Assigned task:
As an exercise, copy out the entries exactly as written.

Record set:
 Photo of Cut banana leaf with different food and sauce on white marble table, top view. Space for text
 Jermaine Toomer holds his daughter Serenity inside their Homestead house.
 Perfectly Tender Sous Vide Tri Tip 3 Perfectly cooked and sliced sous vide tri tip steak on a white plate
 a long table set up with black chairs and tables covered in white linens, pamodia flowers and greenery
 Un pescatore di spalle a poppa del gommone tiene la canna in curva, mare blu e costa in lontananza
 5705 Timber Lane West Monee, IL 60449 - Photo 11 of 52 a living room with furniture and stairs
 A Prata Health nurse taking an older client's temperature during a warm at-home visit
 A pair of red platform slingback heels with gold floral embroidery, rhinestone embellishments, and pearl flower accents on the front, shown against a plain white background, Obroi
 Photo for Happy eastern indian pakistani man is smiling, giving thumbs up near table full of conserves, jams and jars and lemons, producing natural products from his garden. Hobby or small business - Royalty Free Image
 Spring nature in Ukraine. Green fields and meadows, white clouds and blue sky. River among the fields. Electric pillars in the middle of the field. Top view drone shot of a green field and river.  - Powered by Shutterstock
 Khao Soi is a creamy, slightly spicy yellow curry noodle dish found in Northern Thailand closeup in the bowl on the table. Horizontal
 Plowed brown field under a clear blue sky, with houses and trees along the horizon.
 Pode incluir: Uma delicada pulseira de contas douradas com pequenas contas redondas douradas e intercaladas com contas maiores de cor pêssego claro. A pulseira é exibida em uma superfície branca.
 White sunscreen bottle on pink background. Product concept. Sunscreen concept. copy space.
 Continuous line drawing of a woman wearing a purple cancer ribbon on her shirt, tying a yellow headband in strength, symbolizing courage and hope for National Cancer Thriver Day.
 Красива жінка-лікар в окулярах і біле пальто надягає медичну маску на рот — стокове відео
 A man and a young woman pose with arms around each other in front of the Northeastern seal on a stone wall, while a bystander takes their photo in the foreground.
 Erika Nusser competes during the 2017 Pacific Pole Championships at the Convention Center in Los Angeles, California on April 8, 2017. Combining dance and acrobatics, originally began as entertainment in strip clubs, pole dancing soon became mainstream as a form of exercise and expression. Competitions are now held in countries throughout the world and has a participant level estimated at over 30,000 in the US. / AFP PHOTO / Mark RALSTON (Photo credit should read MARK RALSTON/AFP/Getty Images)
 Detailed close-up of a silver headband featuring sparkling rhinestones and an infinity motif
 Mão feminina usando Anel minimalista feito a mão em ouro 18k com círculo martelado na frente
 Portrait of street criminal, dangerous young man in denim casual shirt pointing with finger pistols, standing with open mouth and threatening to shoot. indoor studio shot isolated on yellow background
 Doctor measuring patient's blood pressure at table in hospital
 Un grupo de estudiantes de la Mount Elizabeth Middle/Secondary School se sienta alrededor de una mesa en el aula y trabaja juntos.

Exercise response:
 Photo of Cut banana leaf with different food and sauce on white marble table, top view. Space for text
 Jermaine Toomer holds his daughter Serenity inside their Homestead house.
 Perfectly Tender Sous Vide Tri Tip 3 Perfectly cooked and sliced sous vide tri tip steak on a white plate
 a long table set up with black chairs and tables covered in white linens, pamodia flowers and greenery
 Un pescatore di spalle a poppa del gommone tiene la canna in curva, mare blu e costa in lontananza
 5705 Timber Lane West Monee, IL 60449 - Photo 11 of 52 a living room with furniture and stairs
 A Prata Health nurse taking an older client's temperature during a warm at-home visit
 A pair of red platform slingback heels with gold floral embroidery, rhinestone embellishments, and pearl flower accents on the front, shown against a plain white background, Obroi
 Photo for Happy eastern indian pakistani man is smiling, giving thumbs up near table full of conserves, jams and jars and lemons, producing natural products from his garden. Hobby or small business - Royalty Free Image
 Spring nature in Ukraine. Green fields and meadows, white clouds and blue sky. River among the fields. Electric pillars in the middle of the field. Top view drone shot of a green field and river.  - Powered by Shutterstock
 Khao Soi is a creamy, slightly spicy yellow curry noodle dish found in Northern Thailand closeup in the bowl on the table. Horizontal
 Plowed brown field under a clear blue sky, with houses and trees along the horizon.
 Pode incluir: Uma delicada pulseira de contas douradas com pequenas contas redondas douradas e intercaladas com contas maiores de cor pêssego claro. A pulseira é exibida em uma superfície branca.
 White sunscreen bottle on pink background. Product concept. Sunscreen concept. copy space.
 Continuous line drawing of a woman wearing a purple cancer ribbon on her shirt, tying a yellow headband in strength, symbolizing courage and hope for National Cancer Thriver Day.
 Красива жінка-лікар в окулярах і біле пальто надягає медичну маску на рот — стокове відео
 A man and a young woman pose with arms around each other in front of the Northeastern seal on a stone wall, while a bystander takes their photo in the foreground.
 Erika Nusser competes during the 2017 Pacific Pole Championships at the Convention Center in Los Angeles, California on April 8, 2017. Combining dance and acrobatics, originally began as entertainment in strip clubs, pole dancing soon became mainstream as a form of exercise and expression. Competitions are now held in countries throughout the world and has a participant level estimated at over 30,000 in the US. / AFP PHOTO / Mark RALSTON (Photo credit should read MARK RALSTON/AFP/Getty Images)
 Detailed close-up of a silver headband featuring sparkling rhinestones and an infinity motif
 Mão feminina usando Anel minimalista feito a mão em ouro 18k com círculo martelado na frente
 Portrait of street criminal, dangerous young man in denim casual shirt pointing with finger pistols, standing with open mouth and threatening to shoot. indoor studio shot isolated on yellow background
 Doctor measuring patient's blood pressure at table in hospital
 Un grupo de estudiantes de la Mount Elizabeth Middle/Secondary School se sienta alrededor de una mesa en el aula y trabaja juntos.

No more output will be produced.